» **What is needed**:
Two lines mark the range in the entries below: the one holding "Let's Be Child" and the one holding "Kawaii Love Coffee". Set down those two and all lines between them, exactly.

» **Data supplied**:
<<<<

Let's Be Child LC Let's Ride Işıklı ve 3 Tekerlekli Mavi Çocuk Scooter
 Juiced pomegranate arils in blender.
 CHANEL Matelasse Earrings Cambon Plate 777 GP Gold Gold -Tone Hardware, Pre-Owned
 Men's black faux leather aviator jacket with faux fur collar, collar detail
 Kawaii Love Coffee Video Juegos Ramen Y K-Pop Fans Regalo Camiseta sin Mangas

>>>>
<<<<

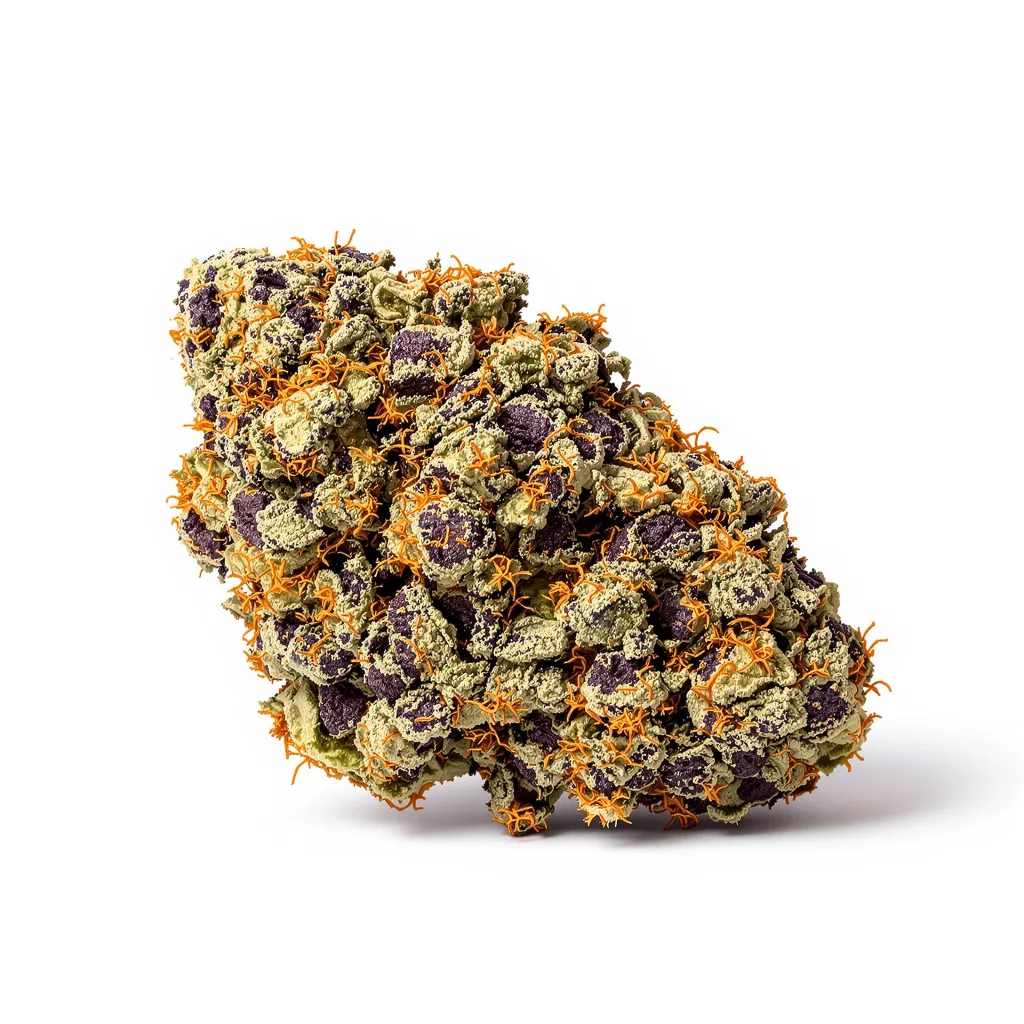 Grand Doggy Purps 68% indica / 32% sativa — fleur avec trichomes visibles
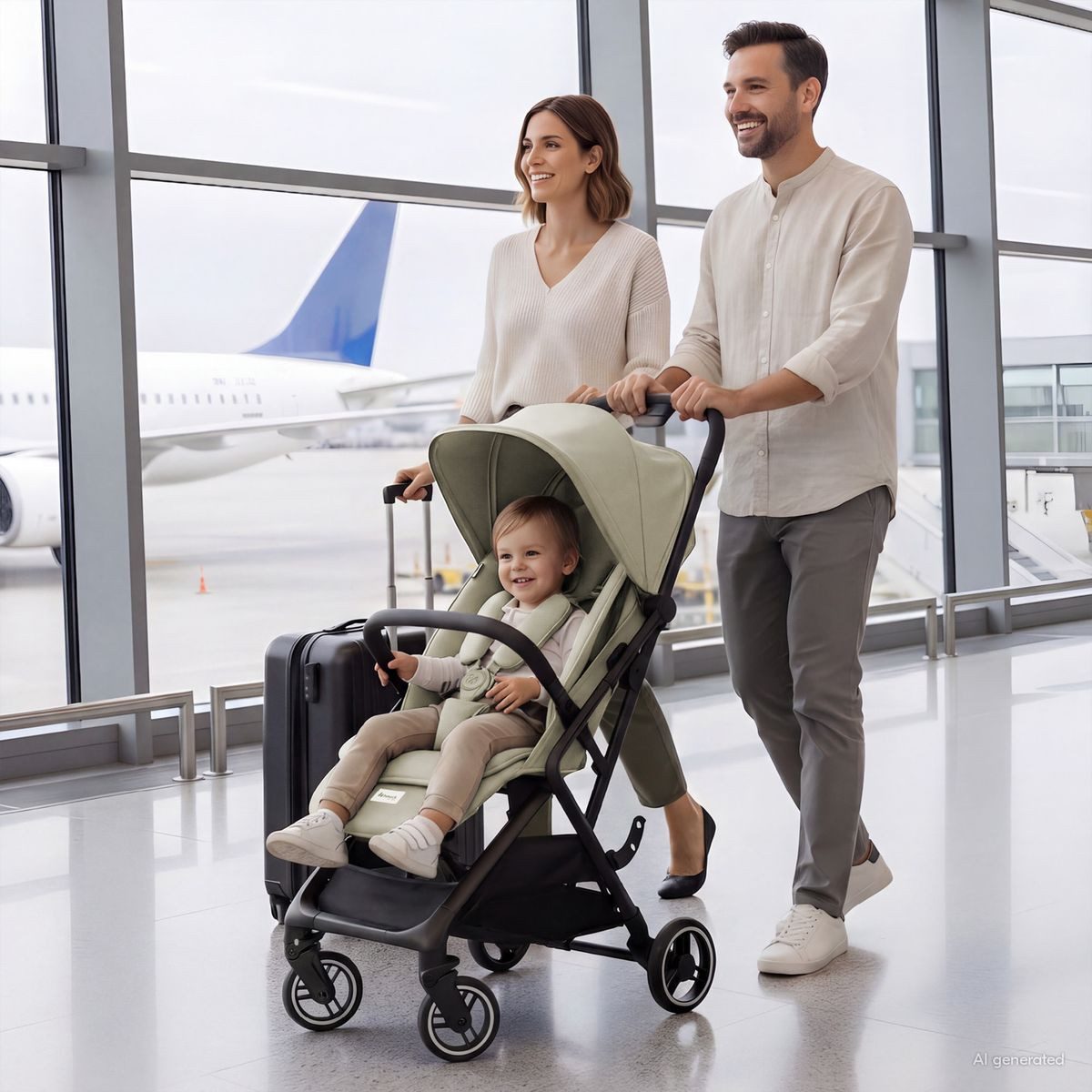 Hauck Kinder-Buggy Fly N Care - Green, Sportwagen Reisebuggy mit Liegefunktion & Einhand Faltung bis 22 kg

>>>>

» **Response to this task**:
Let's Be Child LC Let's Ride Işıklı ve 3 Tekerlekli Mavi Çocuk Scooter
 Juiced pomegranate arils in blender.
 CHANEL Matelasse Earrings Cambon Plate 777 GP Gold Gold -Tone Hardware, Pre-Owned
 Men's black faux leather aviator jacket with faux fur collar, collar detail
 Kawaii Love Coffee Video Juegos Ramen Y K-Pop Fans Regalo Camiseta sin Mangas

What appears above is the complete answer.